Streets in the capital were near-deserted while schools, businesses, factories and stores remained closed.
Government offices were open but with no buses or private transport running, bureaucrats were forced to walk to and from work.
Officials and residents in the major cities of Pokhara, Bhaktapur, and Lalitpur reported similar scenes, while the strike also paralysed Bhairahawa and Palpa districts and other southern regions, officials contacted by telephone told AFP.
The strike also affected the turnout at two protest rallies called Tuesday by an alliance of five political parties which have been behind a campaign to force the king to reverse his 2002 dismissal of the elected government, party leaders said.
In Ratna park, near the palace in Kathmandu, only about 20,000 activists turned out for the sixth straight day of protests, a sharp drop from the 50,000 who had attended on Monday.
In Bhaktapur, the ancient capital, some 10,000 protestors staged a public rally marked by the chanting of angry anti-monarchy slogans.
The five-party alliance had asked the Maoists to hold off their three-day strike, saying it would hamper efforts to transport protestors to the demonstrations, but their pleas went unheeded.

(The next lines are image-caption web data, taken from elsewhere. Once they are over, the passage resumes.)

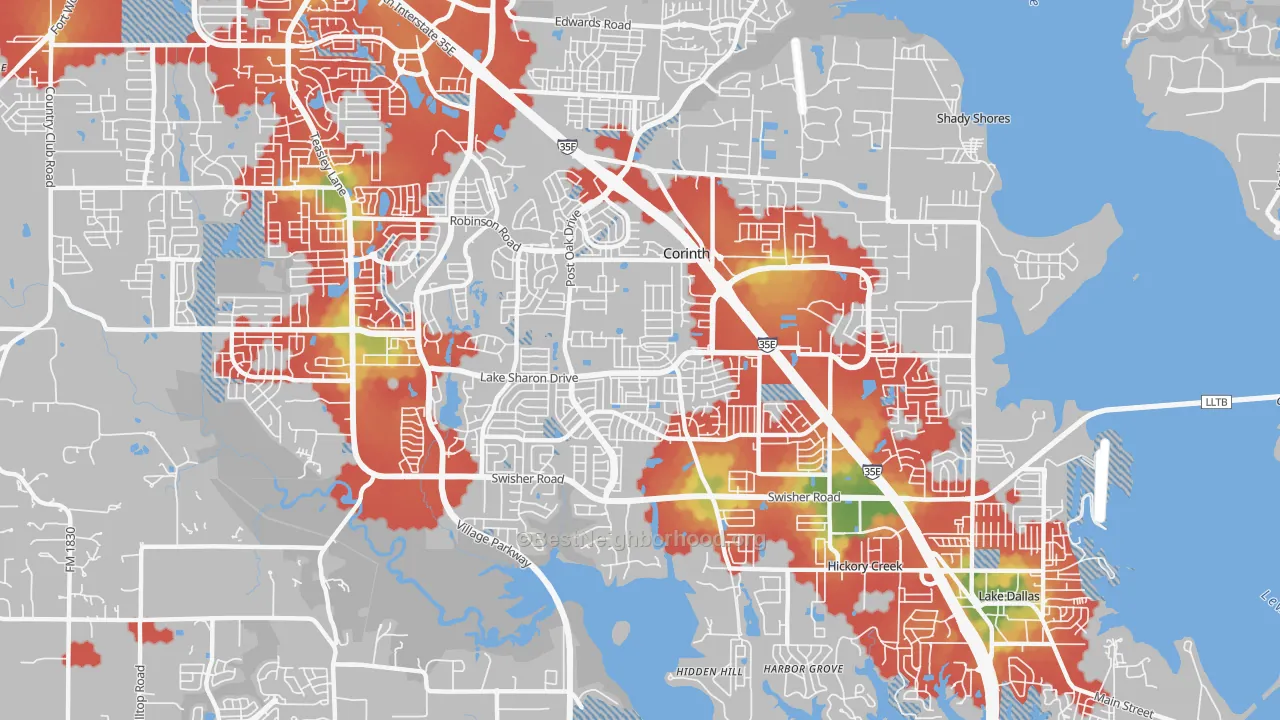 Walk Grade map of Corinth, TX, walkable areas in green and car-dependent areas in red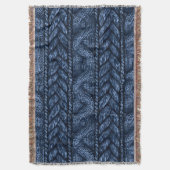 Donkerblauw faux brok gebreid deken (Voorkant Verticaal)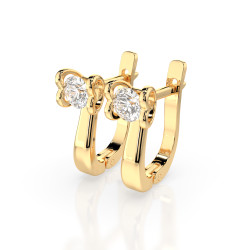 Kolczyki Soliter z angielskim zapięciem z diamentami 102-10013-Y-0.5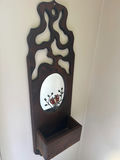 Wooden wall-mounted decorative panel with oval mirror and small shelf - thumbnail 2 of 2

The Maoist rebels, whose insurgency has left more than 9,500 people dead since 1996, are sworn enemies of the king and have a different agenda to the that of the parties - they want a communist republic.

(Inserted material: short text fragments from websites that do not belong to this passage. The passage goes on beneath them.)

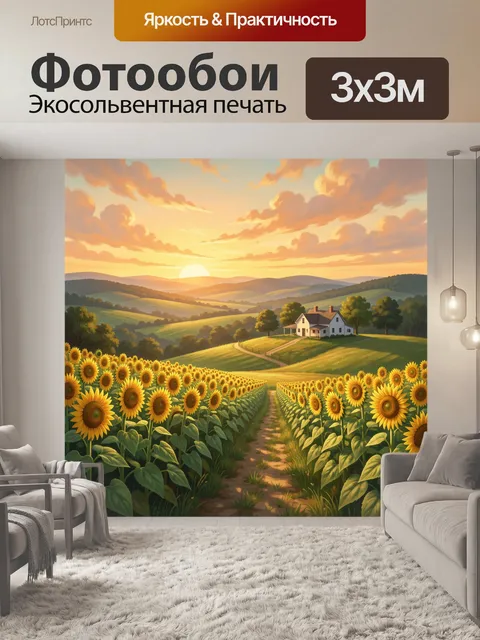 Фотообои Подсолнуховое поле у деревенского дома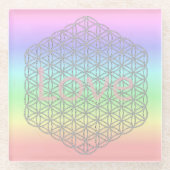Pastell Silver Mandala Energy  Glasuntersetzer (Vorderseite)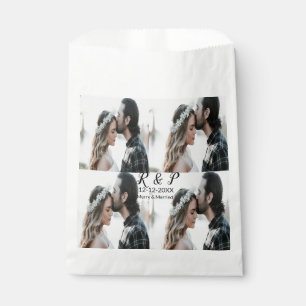 Sachets En Papier Ajouter photo de couple joyeux mariés ajouter date
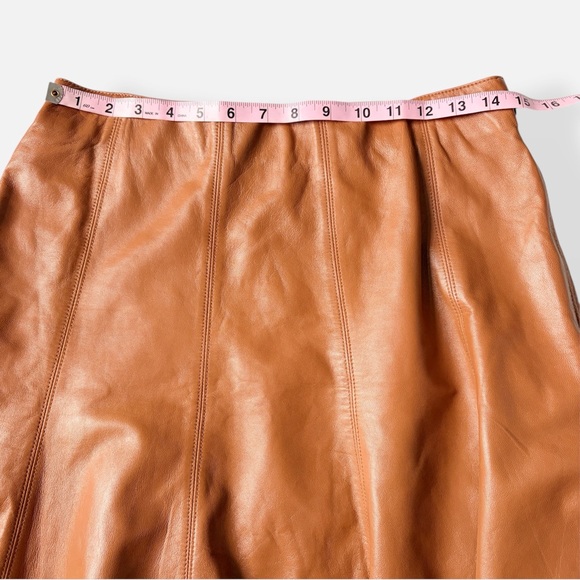 White House Black Market Leather Skirt Cognac Brown A-Line Quiet Luxury Sz 8 - Picture 12 of 13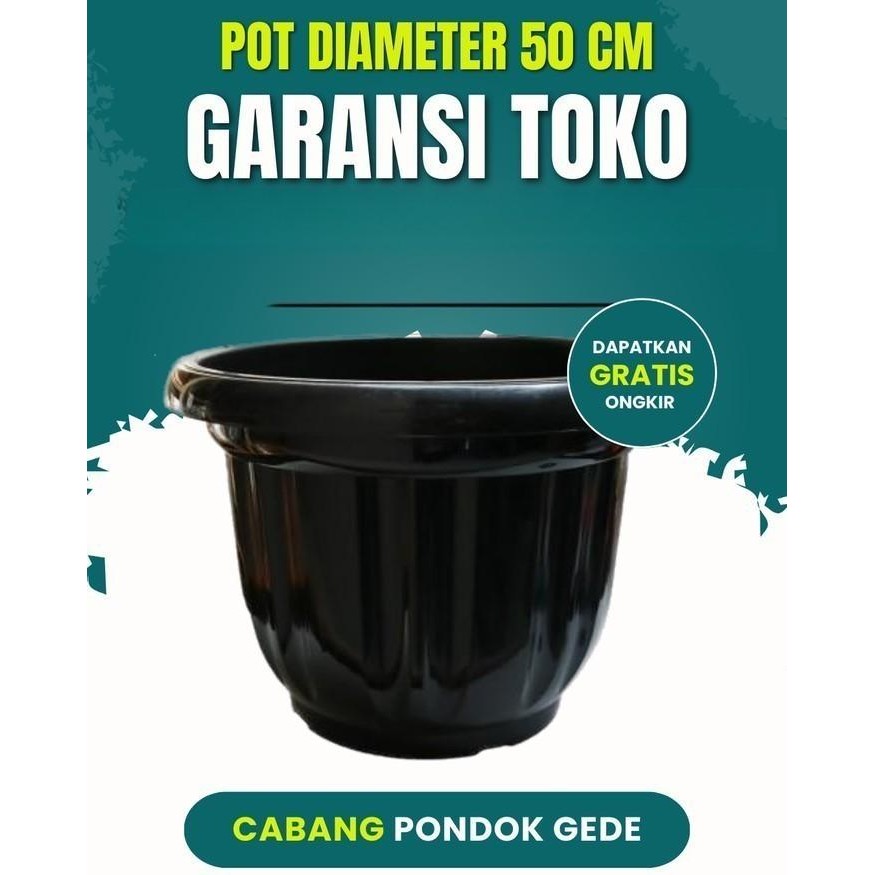 JTTOP" LOKASI PONDOK GEDE GROSIR POT 50 CM HITAM BUNGA TAMBULAPOT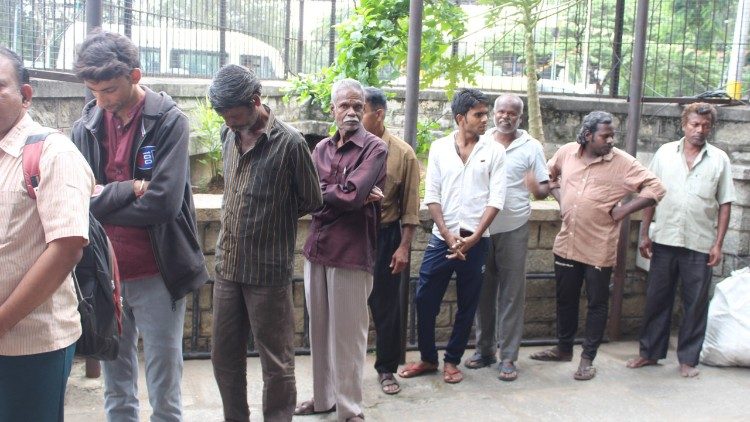 People at the centre to receive  meals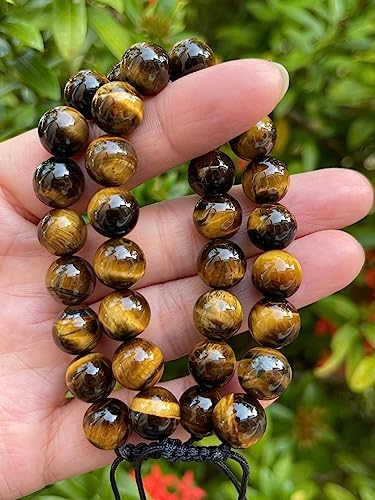 GAF TREASURES Grade A ++ Gemstone Round Bead Adjustable Bracelet 10mm, Genuine Crystal Bead Bracelet, Gift for Men & Women - color: Tiger Eye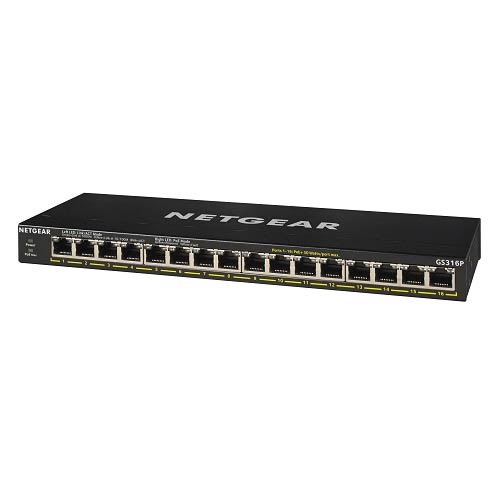 Netgear GS316P 16 Port Gigabit Ethernet Unmanaged PoE+ Switch with Flex PoE (115W) in Bangladesh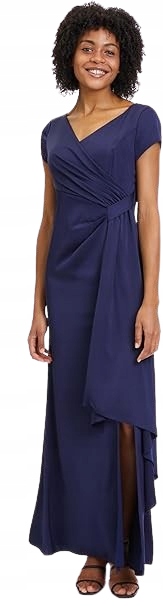 Vera Mont Plus Size Večerní Sukně Tmavě Modrá Maxi Saténová 50 Jsf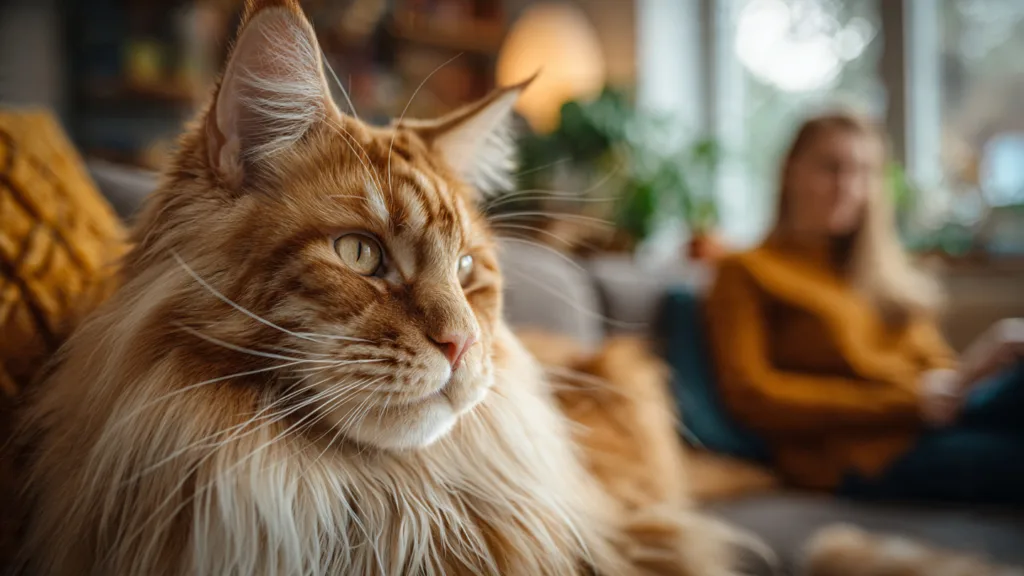 Photo : A large majestic Maine Coon cat sitting calmly in a cozy living room, long fluffy fur, tufted ears and bushy tail, looking wise and gentle. A thoughtful adult owner sitting nearby observing the cat with a smile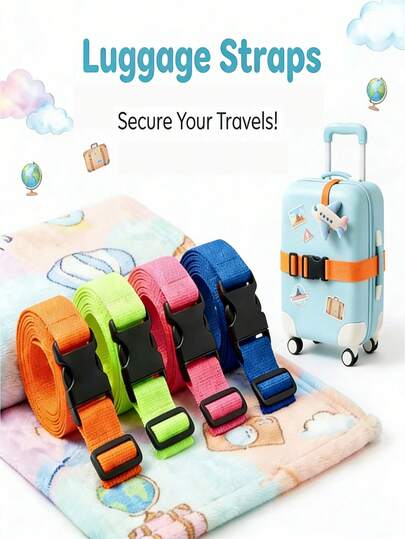 Luggage Strap - Quick Release, Anti-Theft Suitcase Strap | Durable Polyester Material | Suitable For Air Travel, Camping And Business Trips | Adjustable, Easy To Clean, Lightweight Design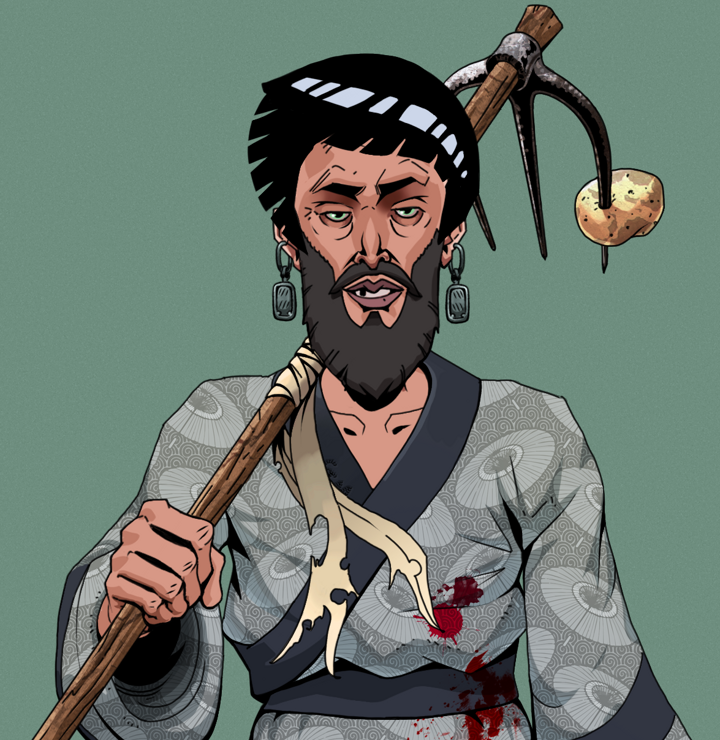 Serious Oleg — Degen Dojo NFT art (Iron Earrings, Olive Green, Degens, Loose Parasol Kimono, Serious Oleg, Shirtless Runt, Rock Lee, Farmers Hoe, Mint)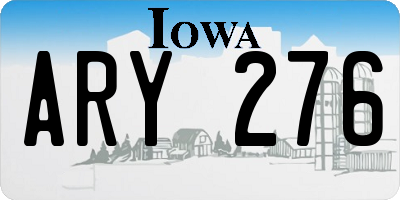 IA license plate ARY276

The Maoists' elusive leader Pushpa Kamal Dahal, better known as Prachanda, has offered moral support to the alliance, saying they share a common cause against the "feudal forces" but an outright coalition against the king appears unlikely because of long-held mutual suspicion.
King Gyanendra, apparently undaunted by the wave of agitation and bloody attacks by Maoists in various parts of the country, is touring rural areas and was Tuesday to visit Lumbini, the birthplace of Buddha, in south-western Nepal.
The king has largely ignored the alliance, saying his priorities were to crush the Maoists and root out corruption left over from the parties' rule. He has promised elections by April 2005, but the parties demand they be held under a "neutral" government.